Leader of the Official Opposition Alvin Smith said on Monday he plans to meet with former Prime Minister Hubert Ingraham as early as today before submitting his resignation to the governor general.
Mr. Smith intends to step down as leader of the Opposition to clear the way for Mr. Ingraham to become the new leader, but Mr. Ingraham said he had no comment on the matter when contacted by the Bahama Journal yesterday.
Many people are waiting to see if he indeed becomes the new leader of the Official Opposition when the House of Assembly reconvenes tomorrow following a summer break.
Mr. Smith and the other Free National Movement members of parliament received the backing of the Central Council of the party on Thursday night in their bid to have the former prime minister lead them in the House of Assembly.
FNM Chairman Carl Bethel said it is now left for Mr.
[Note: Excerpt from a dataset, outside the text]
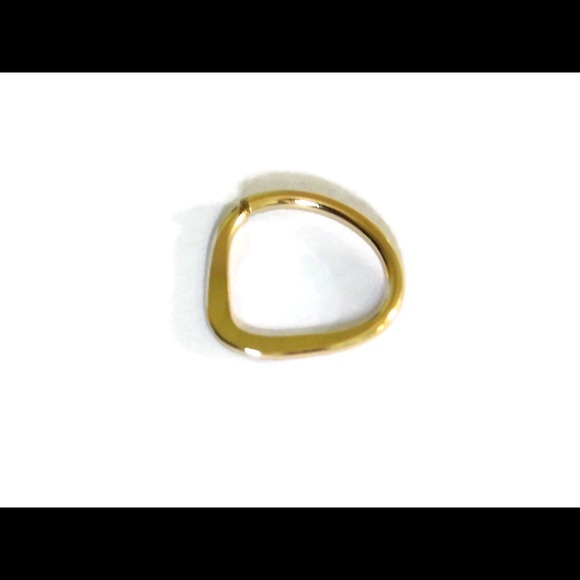 14k gold filled triangle Septum ring - Picture 6 of 12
Ingraham to decide whether he wants to go a step further.
“He will be the leader in parliament. How far that goes and where that takes him is really for him to decide,” Mr. Bethel said.
“What is plain is that the party is seeking to marshal its hardest hitters, its heaviest hitters, bring our big guns to the forefront because we are entering into a very crucial election period.”
When he appeared on the Love 97 programme “Jones and Company” on Sunday, former Deputy Prime Minister Frank Watson – who strongly intimated that he wanted Mr. Ingraham to return as party leader – said the party was about to enter a war and needed its best ammunition.
In an interview with The Bahama Journal, Independent Member of Parliament Tennyson Wells, a former Minister in the Ingraham Cabinet, insisted, however, that Mr. Ingraham would be bad for the future of the party.
He also said that Mr. Ingraham ought to give the Bahamian people an idea of whether he plans to run for the leader of the FNM.
“He should be a man and take a principle position and say, ‘Listen, I want to run as the leader.’ I told him this months ago. [Look what the] FNM did for him. He never had to fight for anything, no fight. People just handed it to him on a silver platter.
“But the people now have reached a stage [where] they’re not going to put up with his nonsense anymore.”
Mr. Wells said he spoke with FNM Leader Senator Tommy Turnquest via telephone recently and told him Mr. Ingraham “is going to jam him.”
“[I told him] when Ingraham had a meeting with him and told him that he was not running – and this was only couple weeks ago – [to ask him to say so publicly]. But all the time he’s got [his former ministers] out there garnering support. But Tommy doesn’t listen to me.”
Mr. Wells predicts that at least 30 percent of the base support of the FNM would not support Mr. Ingraham if he seeks to regain the leadership of the party.
He believes that the fact that 40 council members voted last Thursday against him becoming the Official Opposition leader – compared to 88 who voted in favour of the move – is a telling sign of the bigger picture.
“I have no doubt in my mind about that and I have a good ear for the ground and what happens on the ground, particularly in [New Providence] and some of the Family Islands,” Mr. Wells said.